Problem description:
Your task is to retype, exactly, the line containing "Men's Colorado Rockies" and every later line through the end of the listing, with pictures omitted.

Supplied records:
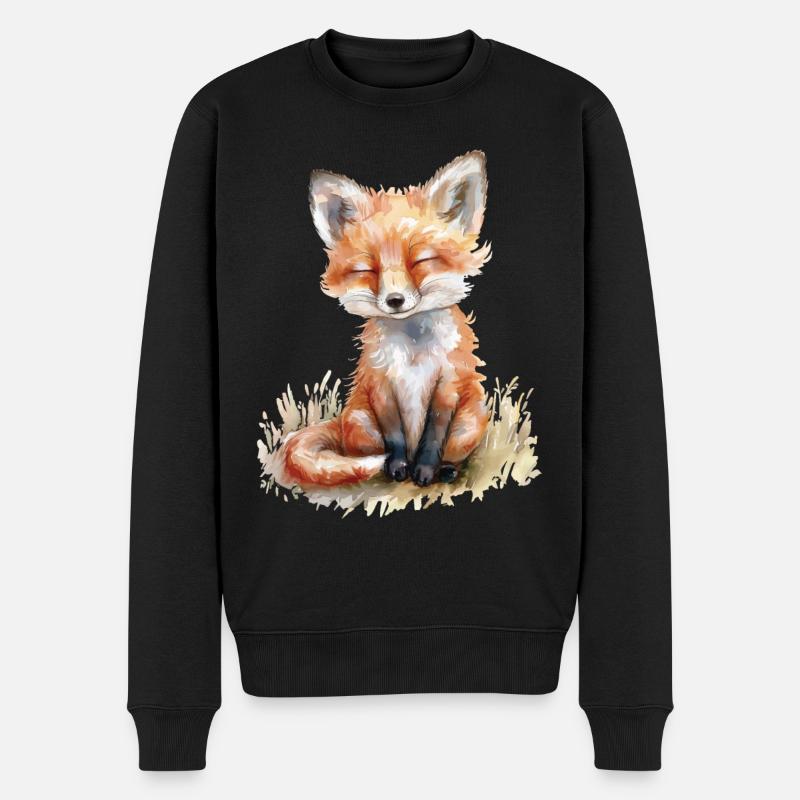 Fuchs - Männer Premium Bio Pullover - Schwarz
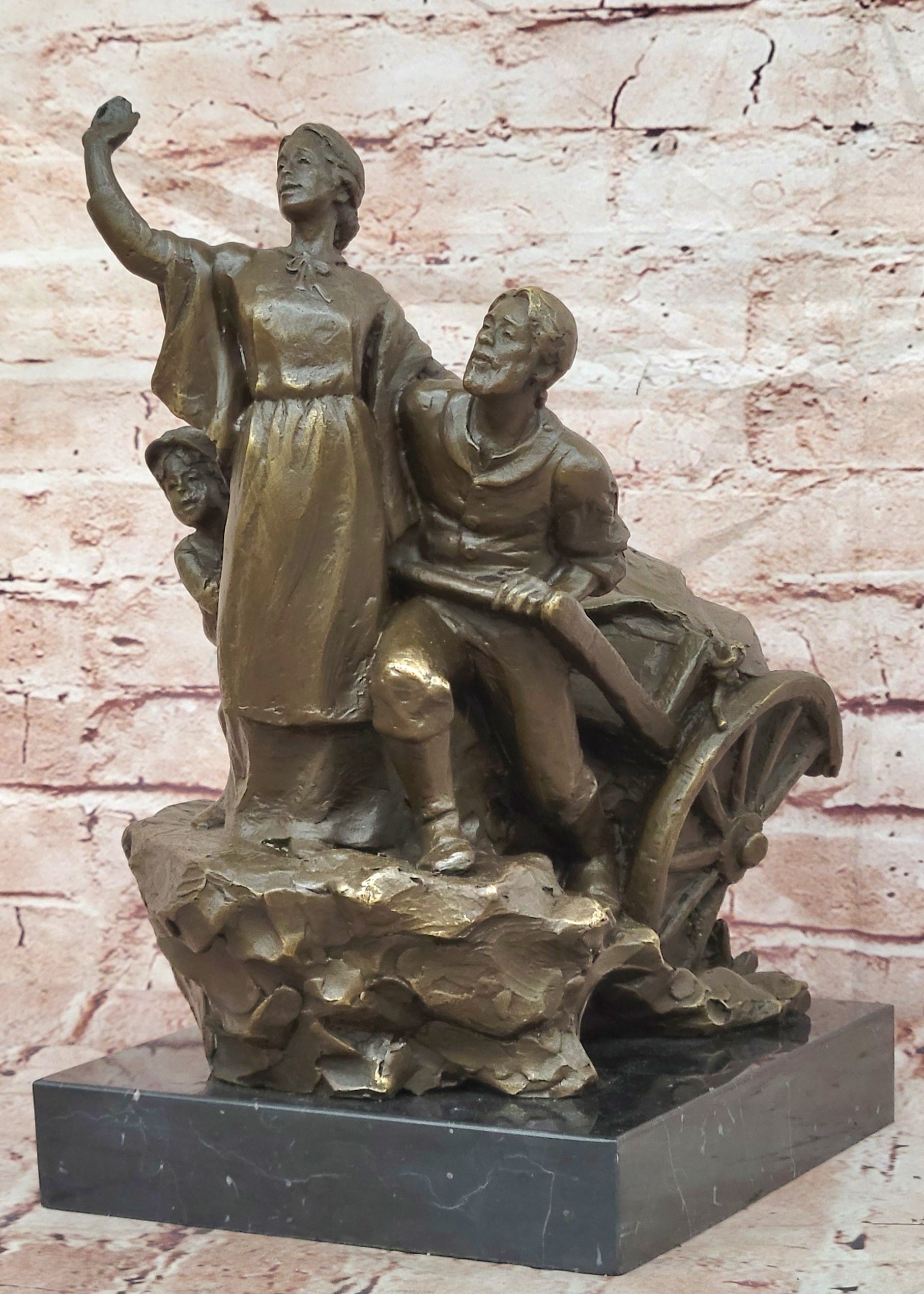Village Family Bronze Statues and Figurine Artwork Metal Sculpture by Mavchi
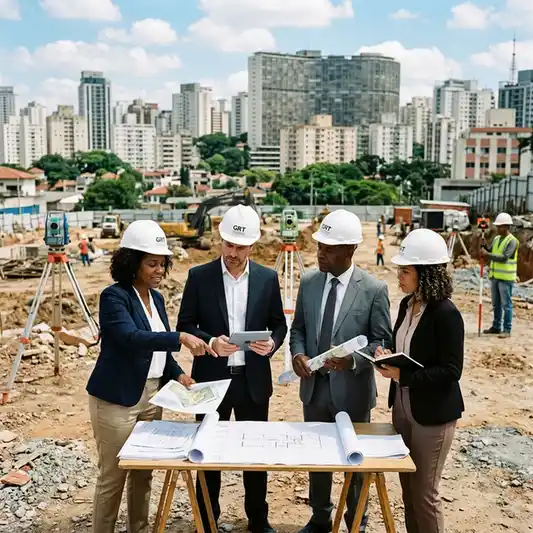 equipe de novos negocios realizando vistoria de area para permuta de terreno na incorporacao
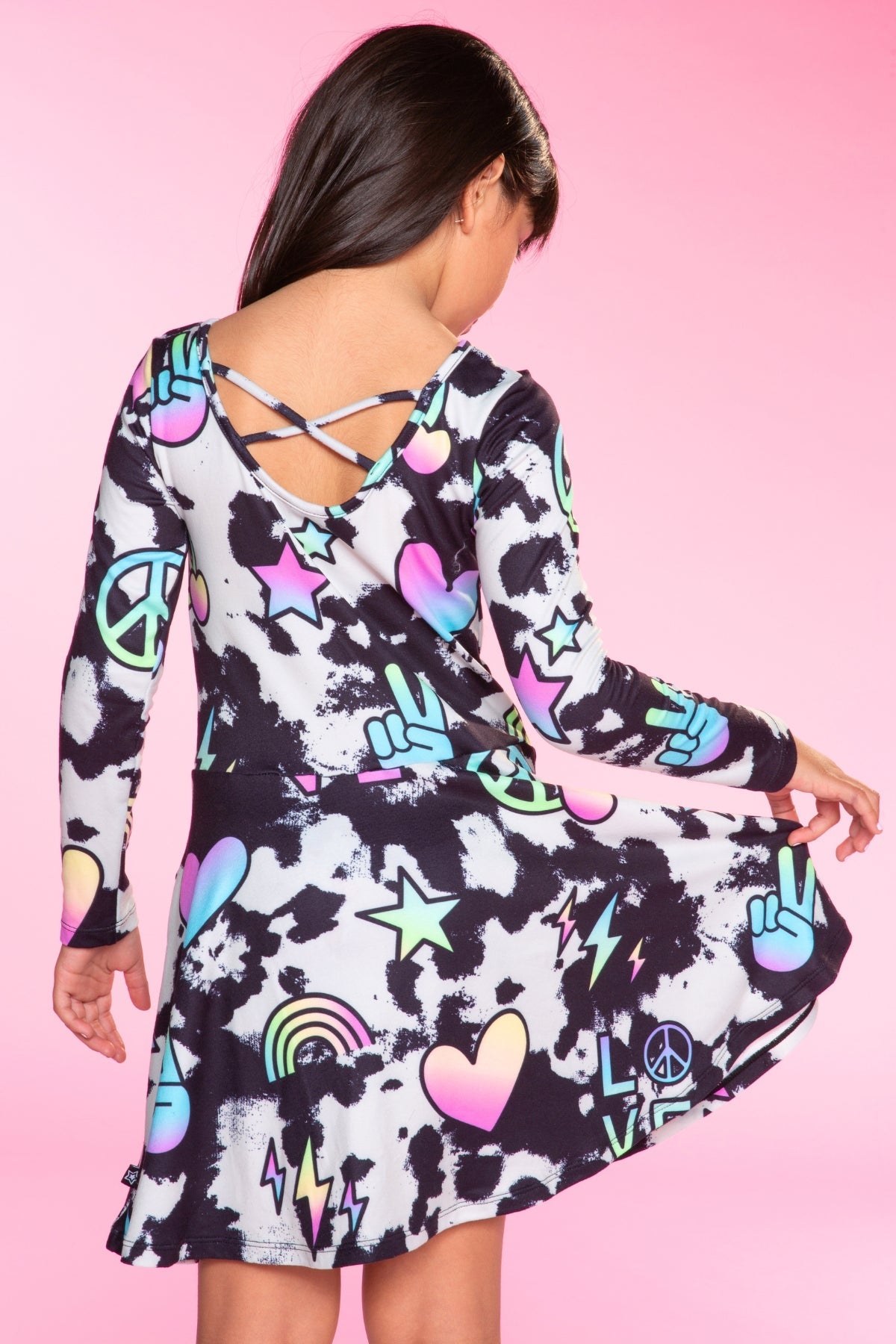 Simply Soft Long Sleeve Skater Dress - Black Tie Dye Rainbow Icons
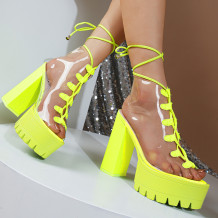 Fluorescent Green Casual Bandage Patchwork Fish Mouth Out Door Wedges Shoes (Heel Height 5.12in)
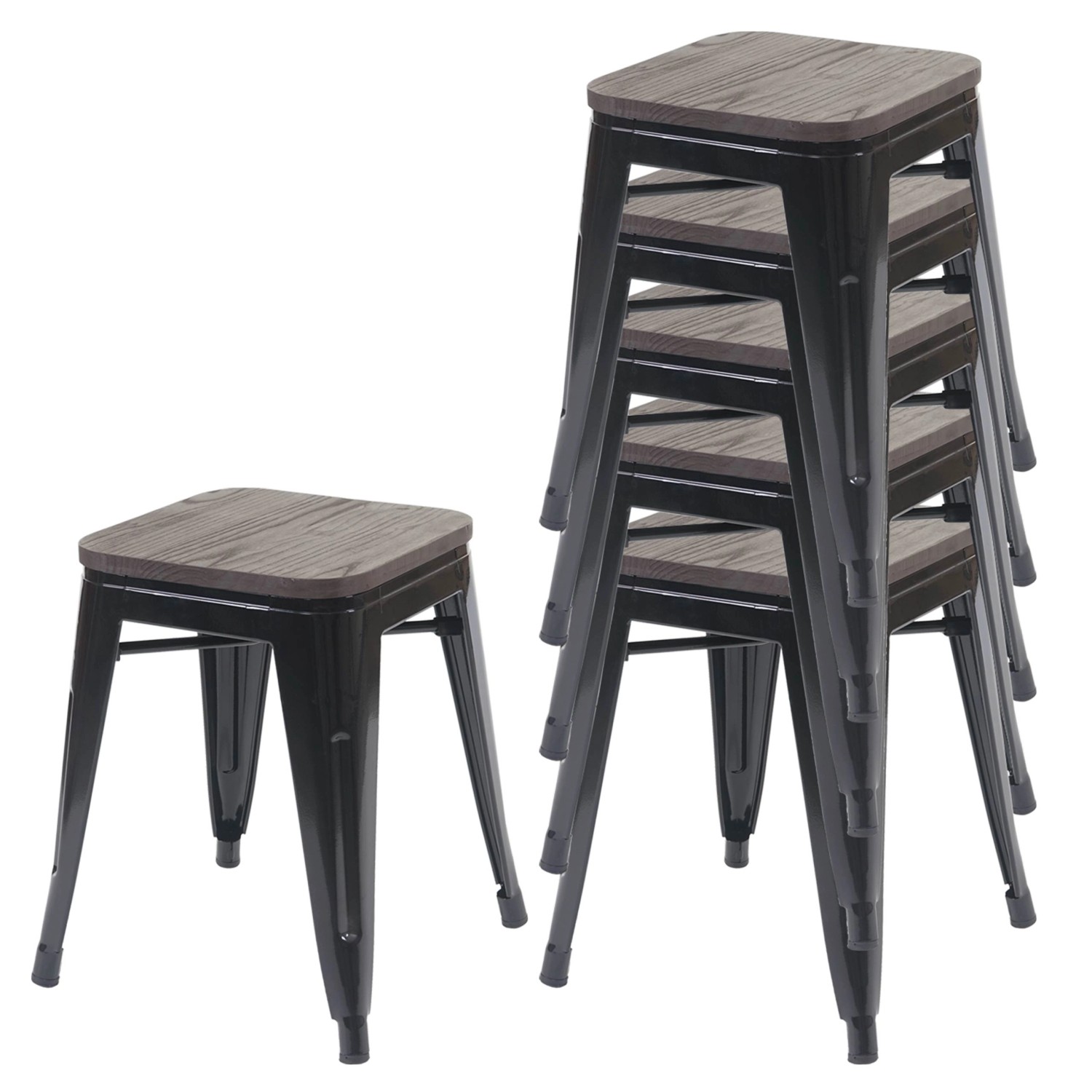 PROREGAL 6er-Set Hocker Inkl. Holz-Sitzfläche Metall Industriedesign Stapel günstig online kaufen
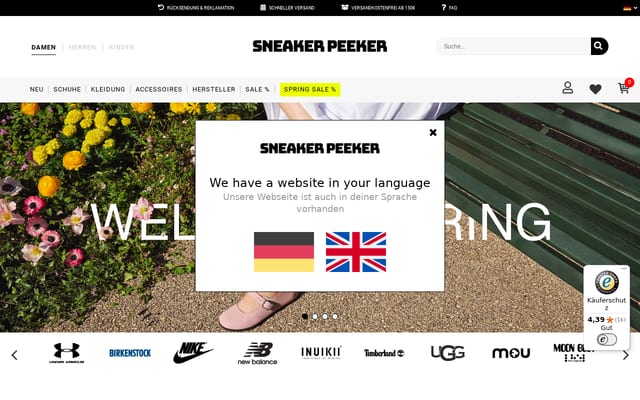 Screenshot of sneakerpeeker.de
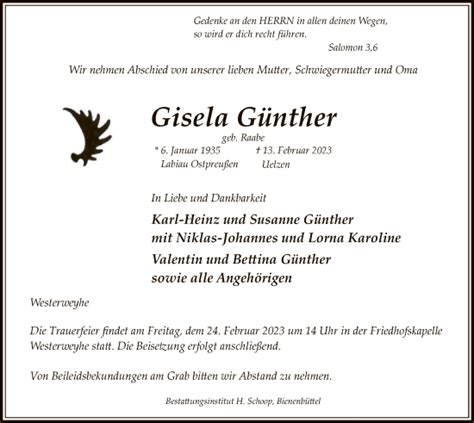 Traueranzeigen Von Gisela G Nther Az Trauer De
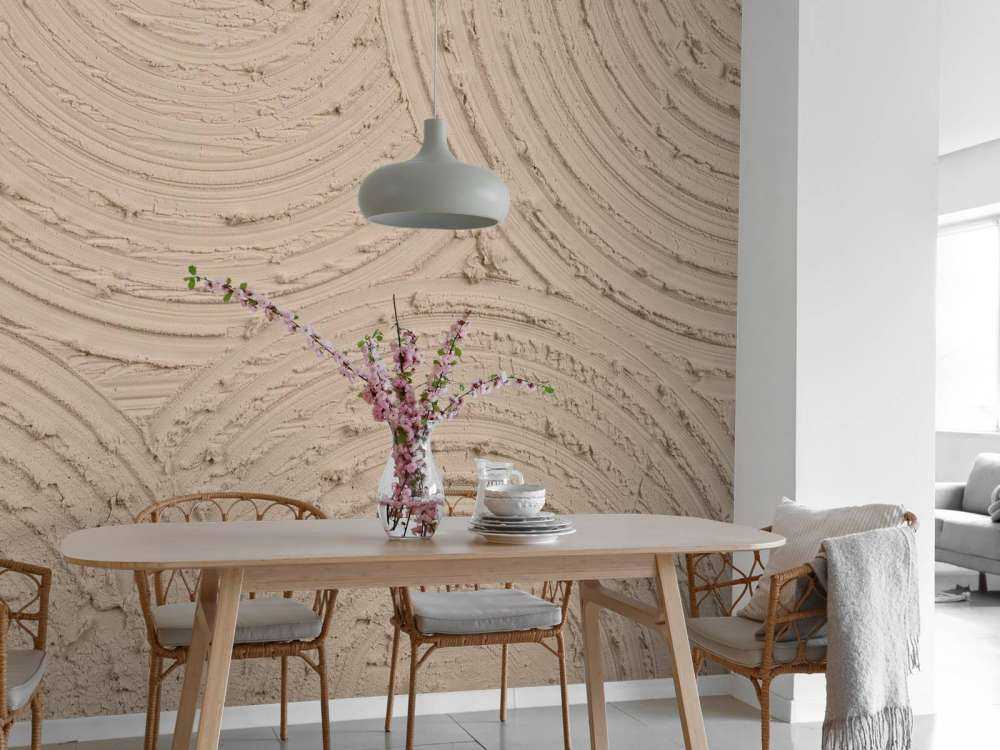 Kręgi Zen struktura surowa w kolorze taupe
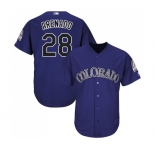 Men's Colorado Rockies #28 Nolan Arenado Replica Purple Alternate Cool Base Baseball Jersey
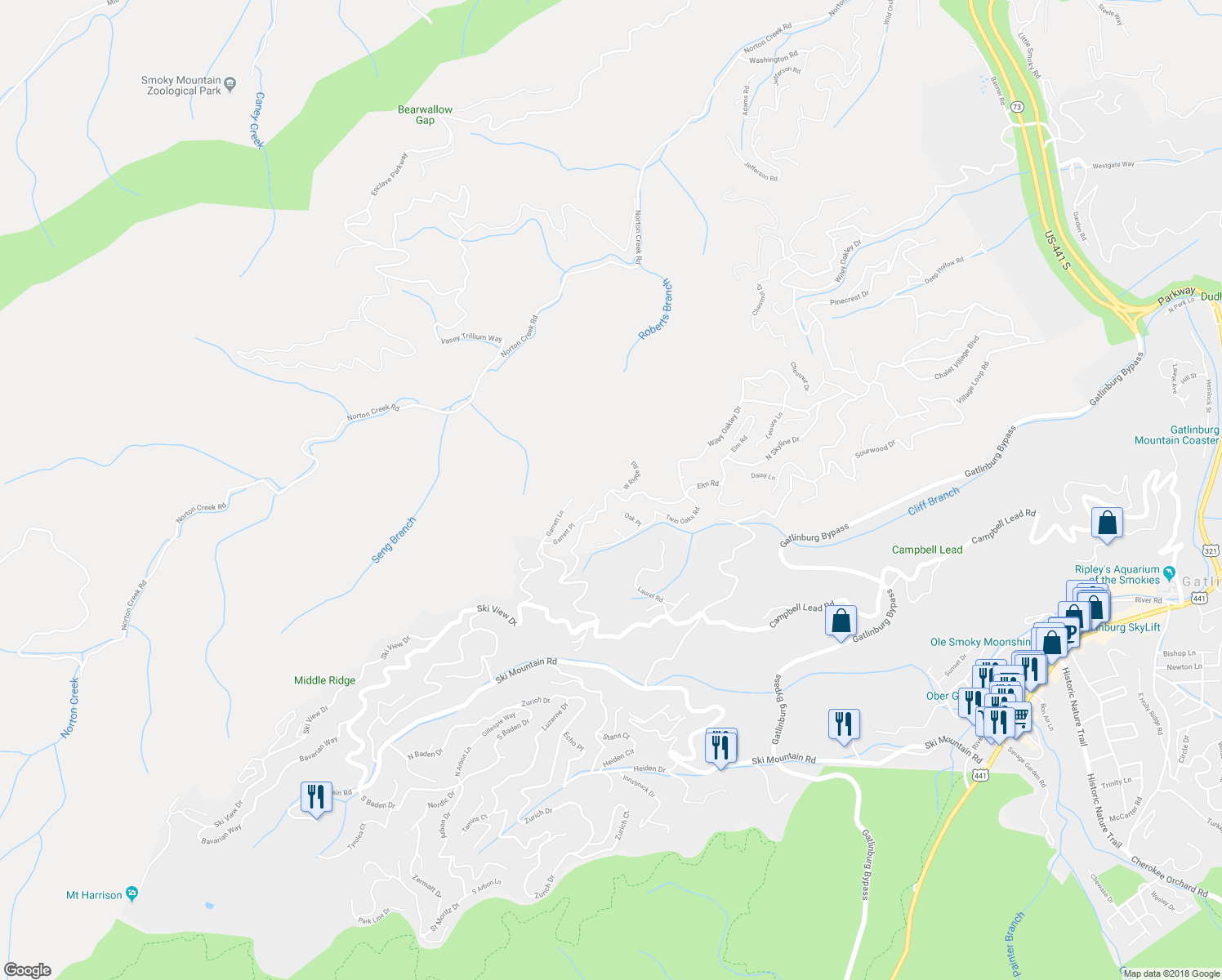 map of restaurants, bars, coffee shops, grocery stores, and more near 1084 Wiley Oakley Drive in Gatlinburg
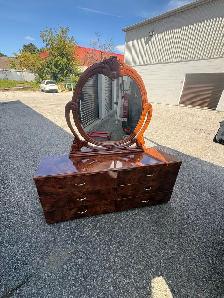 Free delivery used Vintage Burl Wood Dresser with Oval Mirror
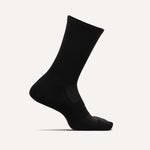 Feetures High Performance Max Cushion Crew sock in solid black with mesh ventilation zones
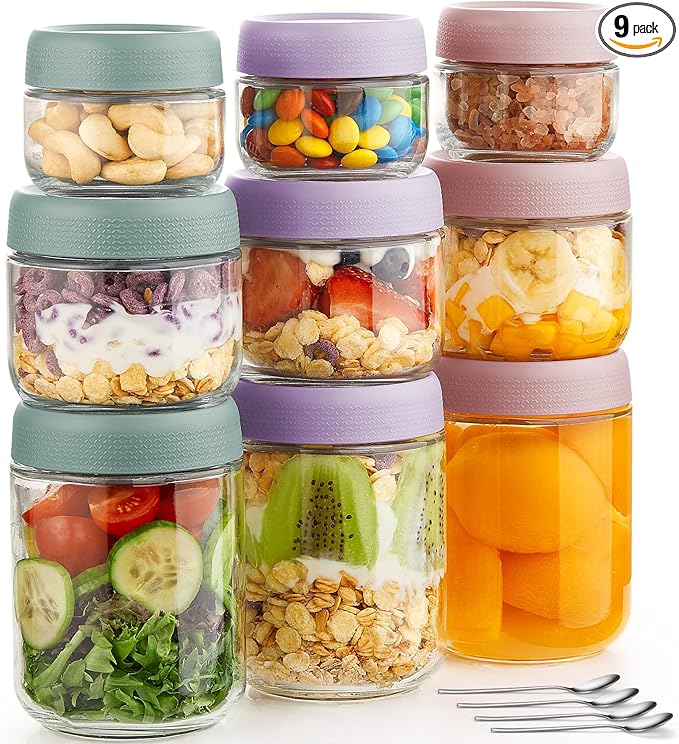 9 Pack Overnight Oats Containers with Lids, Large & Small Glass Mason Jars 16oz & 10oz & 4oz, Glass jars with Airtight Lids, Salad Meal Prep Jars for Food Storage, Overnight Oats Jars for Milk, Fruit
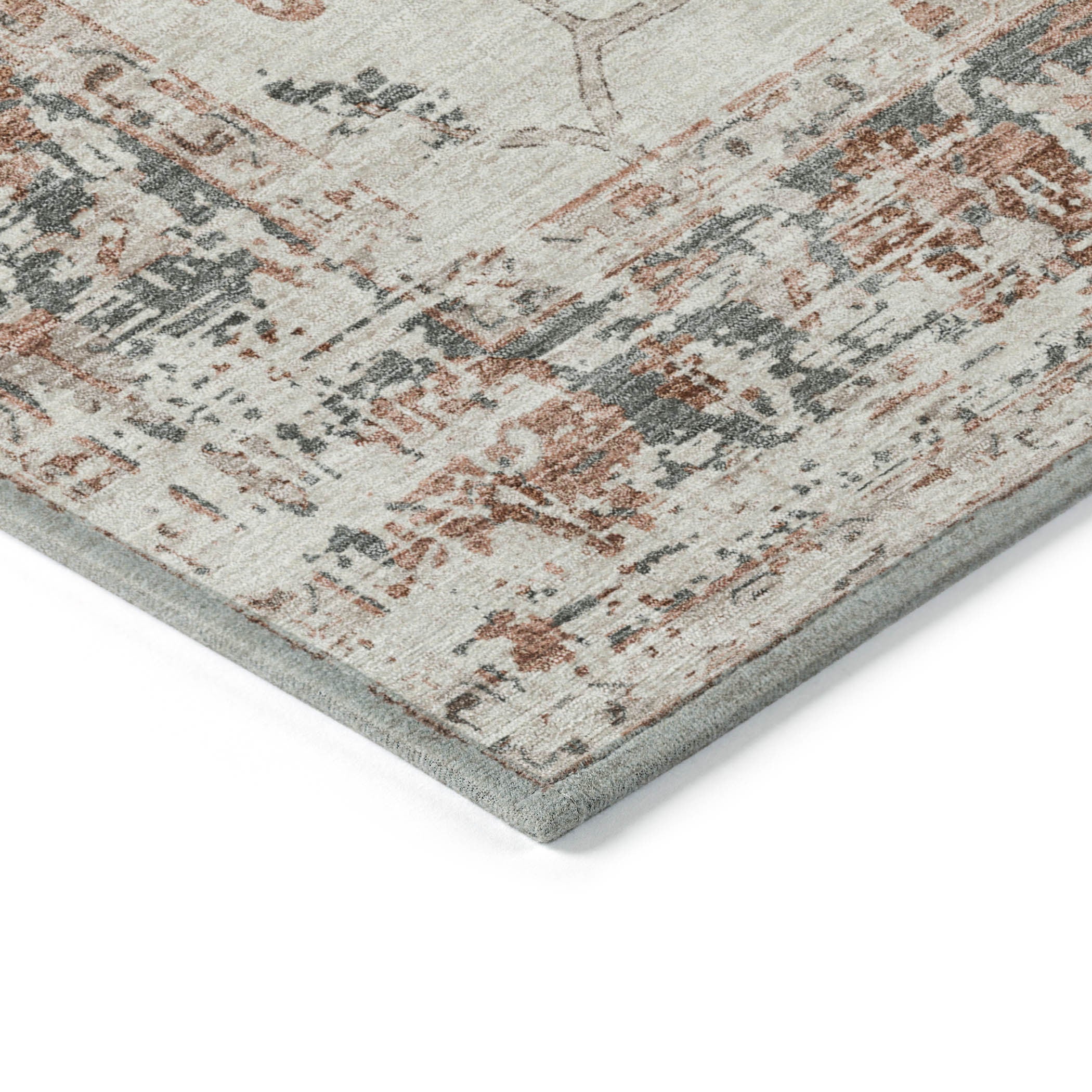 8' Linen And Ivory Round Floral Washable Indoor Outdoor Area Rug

Your response:
 Men's Colorado Rockies #28 Nolan Arenado Replica Purple Alternate Cool Base Baseball Jersey
 map of restaurants, bars, coffee shops, grocery stores, and more near 1084 Wiley Oakley Drive in Gatlinburg
 Free delivery used Vintage Burl Wood Dresser with Oval Mirror
 Feetures High Performance Max Cushion Crew sock in solid black with mesh ventilation zones
 9 Pack Overnight Oats Containers with Lids, Large & Small Glass Mason Jars 16oz & 10oz & 4oz, Glass jars with Airtight Lids, Salad Meal Prep Jars for Food Storage, Overnight Oats Jars for Milk, Fruit
 8' Linen And Ivory Round Floral Washable Indoor Outdoor Area Rug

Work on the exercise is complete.